Architecture¶
The project is an open source project. It aims at developing a computational platform designed to carry out industrial studies on uncertainty processing and risk analysis.
This platform is intended to be released as an open source contribution to a wide audience whose technical skills are very diverse. Another goal of the project is to make the community of users ultimately responsible for the platform and its evolution by contributing to its maintenance and developing new functions.
This architecture specifications document therefore serves two purposes:
to provide the design principles that govern the platform, in order to guide the development teams in their development process;
to inform external users about the platform’s architecture and its design, in order to facilitate their first steps with the platform.
To address these questions, the platform needs to be:
portable: the ability to build, execute and validate the application in different environments (operating system, hardware platform as well as software environment) based on a single set of source code files.
extensible: the possibility to add new functions to the application with a minimal impact on the existing code.
upgradable: the ability to control the impact of a replacement or a change on the technical architecture, following an upgrade of the technical infrastructure (such as the replacement of one tool by another or the use of a new storage format).
durable: the technical choices must have a lifespan comparable to the application’s while relying on standard and/or open source solutions.
Overview¶
This chapter will describe the general design of and a few design models that are widely used within the platform.
The core of the platform is a C++ library made of about 800 classes of various size.
The main user interface is a python module, automatically generated from the C++ library using the wrapping software SWIG. It allows for a usage through python scripts of any level of complexity.
The library relies on few mandatory dependencies (LAPACK), the other being optional.
Several GUIs have already been built on top of the C++ library or the Python module.

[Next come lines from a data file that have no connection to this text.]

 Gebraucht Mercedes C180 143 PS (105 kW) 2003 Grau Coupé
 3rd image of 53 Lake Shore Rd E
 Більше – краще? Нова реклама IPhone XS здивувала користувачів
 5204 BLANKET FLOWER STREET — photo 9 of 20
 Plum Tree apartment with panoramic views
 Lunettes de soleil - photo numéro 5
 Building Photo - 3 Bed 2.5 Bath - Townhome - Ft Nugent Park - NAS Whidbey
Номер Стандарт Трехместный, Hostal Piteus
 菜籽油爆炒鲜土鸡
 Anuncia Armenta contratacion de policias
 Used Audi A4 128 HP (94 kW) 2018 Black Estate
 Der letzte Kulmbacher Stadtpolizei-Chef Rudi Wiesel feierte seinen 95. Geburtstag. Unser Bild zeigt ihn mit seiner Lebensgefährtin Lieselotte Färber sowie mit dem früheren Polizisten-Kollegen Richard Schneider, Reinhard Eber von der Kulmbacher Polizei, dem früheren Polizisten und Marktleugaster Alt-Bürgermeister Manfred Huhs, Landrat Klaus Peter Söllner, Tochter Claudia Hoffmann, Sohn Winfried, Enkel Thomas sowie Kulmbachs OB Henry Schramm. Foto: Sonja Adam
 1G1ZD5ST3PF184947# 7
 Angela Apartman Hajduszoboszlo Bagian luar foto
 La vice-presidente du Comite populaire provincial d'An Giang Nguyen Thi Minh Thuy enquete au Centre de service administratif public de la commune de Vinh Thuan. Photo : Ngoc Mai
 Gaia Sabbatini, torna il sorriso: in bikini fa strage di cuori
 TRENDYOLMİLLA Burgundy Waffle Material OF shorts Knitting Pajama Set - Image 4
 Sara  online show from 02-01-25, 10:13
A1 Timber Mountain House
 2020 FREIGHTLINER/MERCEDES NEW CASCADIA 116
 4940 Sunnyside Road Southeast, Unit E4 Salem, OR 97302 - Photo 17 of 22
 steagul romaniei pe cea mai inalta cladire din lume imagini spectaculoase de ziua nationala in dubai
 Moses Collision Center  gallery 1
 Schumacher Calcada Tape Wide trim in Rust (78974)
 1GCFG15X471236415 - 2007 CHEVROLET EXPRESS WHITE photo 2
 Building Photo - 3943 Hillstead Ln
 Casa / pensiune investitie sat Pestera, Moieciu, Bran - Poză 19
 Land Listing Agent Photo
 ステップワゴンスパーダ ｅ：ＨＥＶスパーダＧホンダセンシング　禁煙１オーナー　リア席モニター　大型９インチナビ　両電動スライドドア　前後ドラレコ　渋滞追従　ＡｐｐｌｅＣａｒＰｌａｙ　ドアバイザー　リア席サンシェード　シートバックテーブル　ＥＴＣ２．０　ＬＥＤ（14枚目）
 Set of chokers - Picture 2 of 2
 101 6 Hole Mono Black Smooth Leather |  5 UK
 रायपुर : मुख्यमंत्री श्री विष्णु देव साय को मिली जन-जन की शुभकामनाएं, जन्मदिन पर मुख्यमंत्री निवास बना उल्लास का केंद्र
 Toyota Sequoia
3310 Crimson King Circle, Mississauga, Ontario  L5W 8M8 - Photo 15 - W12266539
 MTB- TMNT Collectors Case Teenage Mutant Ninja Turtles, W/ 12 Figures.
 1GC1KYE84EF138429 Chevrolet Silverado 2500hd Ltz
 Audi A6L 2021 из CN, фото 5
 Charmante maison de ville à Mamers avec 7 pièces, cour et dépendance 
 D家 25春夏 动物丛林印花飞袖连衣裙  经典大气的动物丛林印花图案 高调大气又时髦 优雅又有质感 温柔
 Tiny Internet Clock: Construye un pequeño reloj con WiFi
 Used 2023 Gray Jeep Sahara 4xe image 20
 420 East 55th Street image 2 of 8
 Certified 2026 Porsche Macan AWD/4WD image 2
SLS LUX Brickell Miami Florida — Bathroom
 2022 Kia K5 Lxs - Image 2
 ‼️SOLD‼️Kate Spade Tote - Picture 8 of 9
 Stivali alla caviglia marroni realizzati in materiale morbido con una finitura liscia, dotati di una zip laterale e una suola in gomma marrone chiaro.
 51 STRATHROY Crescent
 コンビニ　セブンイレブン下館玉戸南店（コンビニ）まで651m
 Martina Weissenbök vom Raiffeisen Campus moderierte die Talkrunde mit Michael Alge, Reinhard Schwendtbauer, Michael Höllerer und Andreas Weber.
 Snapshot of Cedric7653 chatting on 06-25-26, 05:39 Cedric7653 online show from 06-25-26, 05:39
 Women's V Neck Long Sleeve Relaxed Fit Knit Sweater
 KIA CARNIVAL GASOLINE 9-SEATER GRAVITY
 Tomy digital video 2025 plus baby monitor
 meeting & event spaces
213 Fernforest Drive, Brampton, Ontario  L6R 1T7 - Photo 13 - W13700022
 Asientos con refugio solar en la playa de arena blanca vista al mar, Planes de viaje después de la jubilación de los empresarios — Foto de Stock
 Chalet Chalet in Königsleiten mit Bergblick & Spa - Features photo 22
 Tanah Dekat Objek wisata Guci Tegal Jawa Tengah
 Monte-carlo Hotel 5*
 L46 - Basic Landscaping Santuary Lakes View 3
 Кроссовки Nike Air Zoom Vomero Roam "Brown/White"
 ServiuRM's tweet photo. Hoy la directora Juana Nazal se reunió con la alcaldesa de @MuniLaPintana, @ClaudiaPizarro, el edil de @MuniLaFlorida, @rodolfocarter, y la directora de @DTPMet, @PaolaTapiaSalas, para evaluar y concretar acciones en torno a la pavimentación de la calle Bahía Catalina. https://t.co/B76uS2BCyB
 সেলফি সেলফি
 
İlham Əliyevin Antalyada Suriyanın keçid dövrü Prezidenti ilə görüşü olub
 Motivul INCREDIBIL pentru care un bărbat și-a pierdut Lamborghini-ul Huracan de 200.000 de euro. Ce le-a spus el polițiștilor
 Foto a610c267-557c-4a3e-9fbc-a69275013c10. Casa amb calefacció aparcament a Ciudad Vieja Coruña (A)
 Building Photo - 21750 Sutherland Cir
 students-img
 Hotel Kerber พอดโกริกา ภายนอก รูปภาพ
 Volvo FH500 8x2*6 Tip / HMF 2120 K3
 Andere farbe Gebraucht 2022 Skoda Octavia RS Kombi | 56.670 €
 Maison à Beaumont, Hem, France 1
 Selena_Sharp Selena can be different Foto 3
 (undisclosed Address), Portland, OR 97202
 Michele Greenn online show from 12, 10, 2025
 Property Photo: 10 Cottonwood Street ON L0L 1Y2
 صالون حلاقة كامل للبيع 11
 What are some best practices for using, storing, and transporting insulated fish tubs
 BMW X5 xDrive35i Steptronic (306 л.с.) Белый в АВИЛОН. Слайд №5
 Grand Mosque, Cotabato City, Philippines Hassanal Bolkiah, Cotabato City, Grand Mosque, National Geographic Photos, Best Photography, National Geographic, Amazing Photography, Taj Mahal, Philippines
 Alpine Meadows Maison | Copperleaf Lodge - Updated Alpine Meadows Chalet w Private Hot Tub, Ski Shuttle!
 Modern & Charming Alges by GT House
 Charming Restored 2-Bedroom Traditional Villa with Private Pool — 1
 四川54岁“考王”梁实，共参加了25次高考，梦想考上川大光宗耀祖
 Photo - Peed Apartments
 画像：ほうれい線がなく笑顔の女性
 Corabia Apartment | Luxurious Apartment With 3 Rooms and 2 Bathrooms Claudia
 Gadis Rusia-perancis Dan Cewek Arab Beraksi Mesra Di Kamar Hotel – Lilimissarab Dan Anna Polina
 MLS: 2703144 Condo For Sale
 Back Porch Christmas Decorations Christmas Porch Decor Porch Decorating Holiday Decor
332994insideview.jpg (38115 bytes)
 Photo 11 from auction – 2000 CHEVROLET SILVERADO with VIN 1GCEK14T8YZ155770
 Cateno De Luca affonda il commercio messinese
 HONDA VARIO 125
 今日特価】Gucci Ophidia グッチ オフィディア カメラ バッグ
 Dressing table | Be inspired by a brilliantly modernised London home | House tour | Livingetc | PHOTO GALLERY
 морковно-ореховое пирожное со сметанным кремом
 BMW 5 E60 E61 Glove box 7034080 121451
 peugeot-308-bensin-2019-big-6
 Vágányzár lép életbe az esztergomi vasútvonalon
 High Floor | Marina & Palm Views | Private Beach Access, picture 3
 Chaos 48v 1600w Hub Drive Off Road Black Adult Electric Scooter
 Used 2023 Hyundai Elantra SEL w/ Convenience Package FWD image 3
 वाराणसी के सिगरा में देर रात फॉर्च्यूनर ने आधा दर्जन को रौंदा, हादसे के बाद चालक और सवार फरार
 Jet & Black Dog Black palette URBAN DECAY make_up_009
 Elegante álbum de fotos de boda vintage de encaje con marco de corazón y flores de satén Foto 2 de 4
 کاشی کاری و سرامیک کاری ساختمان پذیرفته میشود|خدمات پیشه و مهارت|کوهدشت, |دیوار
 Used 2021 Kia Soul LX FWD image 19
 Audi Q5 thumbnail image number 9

A service of modules is provided in order to extend the capabilities of the platform from the outside.
The C++ library¶
A multi-layered library¶
The library has a multi-layered architecture materialized by the source tree. The two main layers in the C++ library are the Base layer and the Uncertainty layer.
Base layer: it contains all the classes not related to the probabilistic concepts. It covers the elementary data types (vectors as Point, samples as Samples), the concept of models (Function), the linear algebra (Matrix, Tensor) and the general interest classes (memory management, resource management);
Uncertainty layer: it contains all the classes that deal with probabilistic concepts. It covers the probabilistic modelling (Distribution, RandomVector), the stochastic algorithms (MonteCarlo, FORM), the statistical estimation (DistributionFactory), the statistical testing (FittingTest)
A class in the Uncertainty layer can use any class in the Base or the Uncertainty layer. A class in the Base layer can ONLY USE classes in the Base layer.
Resource management¶
OpenTURNS uses extensively dynamic memory allocation. In order to tie to the Resource Acquisition Is Initialization (RAII) paradigm, all the memory management is delegated to smart pointers (the Pointer class). The benefits of this approach are:
An easy to implement copy on write mechanism, that permit a significant reduction of the memory footprint by allowing for a large data sharing between objects;
No C-like pointers in members of classes, which permits an automatic generation of the copy constructor, the assignment operator and the destructor of almost all the classes: there is no problem of deep copy versus reference copy;
The resource is released automatically when the objects are outside of the current scope and there is no more reference on the allocated memory;
There is a unique point where to prevent concurrent access in a parallel context, which is a key property for parallelism.
The Python module¶
Software environment¶
This section details the technical elements required by the OpenTURNS platform, namely the system requirements, the tools and the development environment of the project.
Target platforms¶
The OpenTURNS platform is meant to carry out uncertainty treatment studies in a scientific environment. Most of the scientific codes being available on Unix platforms, OpenTURNS is naturally designed to run on this family of systems. Unix being a standard with multiple implementations, available on different architectures, this gives a wide choice of target platforms.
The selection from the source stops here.